Another important precaution to protect the species is combating the increase in climate change by using greener energy sources and reducing the amount of waste in households. In addition, managers and researchers can assess the risks listed above and take the proper steps to mitigate any adverse impacts those risk have on mule deer populations. Not only will populations benefit from these efforts but so will many other wildlife species.

==== Highways ====
Installing high fence wildlife fencing with escape routes in equally important in mule deer from harm. As it prevents deer-based collisions, allows animals such as mule deer to safely cross the road, and prevent them from becoming trapped in roads and passage-ways However, to maintain migration routes that cross busy highways, managers have also implemented natural, vegetated, overpasses and underpasses to allow mule deer, along with other animals, to migrate and move safely across highways.

==== Natural resource extraction ====
Approaches to mitigating the impact of drilling and mining operations include regulating the time of year when active drilling and heavy traffic to sites are taking place, and using well-informed planning to protect critical deer habitat and using barriers to mitigate the activity, noise, light at the extraction sites.

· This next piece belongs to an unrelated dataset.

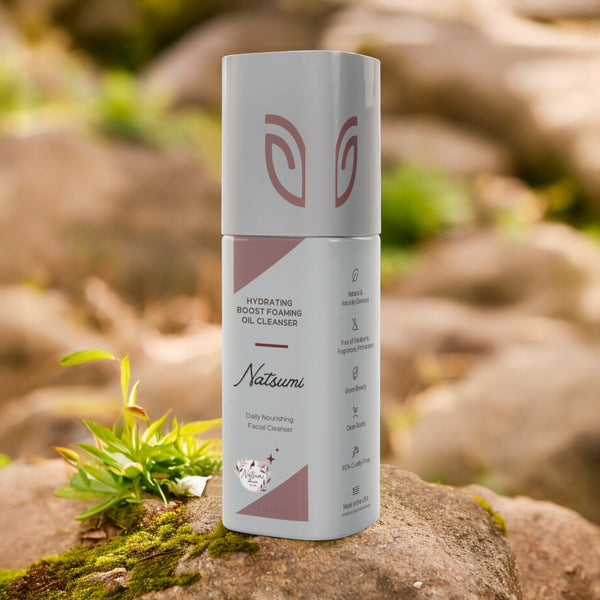 Milky Oil Foaming Cleanser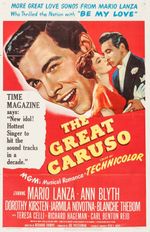 The Great Caruso (1951) Musical Mario Lanza, Ann Blyth Public Domain DVD NO CASE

==== Urban development ====
The increase in urbanization has impacted mule deer migrations and there is evidence to show it also disrupts gene flow among mule deer populations. One clear option is to not build houses in critical mule deer habitat; however, building near mule deer habitat has resulted in some deer becoming accustomed to humans and the resources, such as food and water. Rather than migrate through urban areas some deer tend to stay close to those urban developments, potentially for resources and to avoid the obstacles in urban areas. Suggested measures by property owners to protect mule deer genetic diversity and migration paths include planting deer-resistant plants, placing scare devices such as noise-makers, and desisting from feeding deer.

==Disease==
Wildlife officials in Utah announced that a November–December 2021 field study had detected the first case of SARS-CoV-2 in mule deer. Several deer possessed apparent SARS-CoV-2 antibodies, however a female deer in Morgan County had an active Delta variant infection. White-tailed deer, which are able to hybridize with mule deer and which have shown high rates of SARS-CoV-2 infection, have migrated into Morgan County and other traditional mule deer habitats since at least the early 2000s.

=== Chronic wasting disease ===

Chronic wasting disease (CWD) is a disease rapidly spreading throughout populations of the Cervus family. It first appeared in captive deer in Colorado in 1967 but has made a large impact on wild mule deer populations since then, spreading throughout all of North America.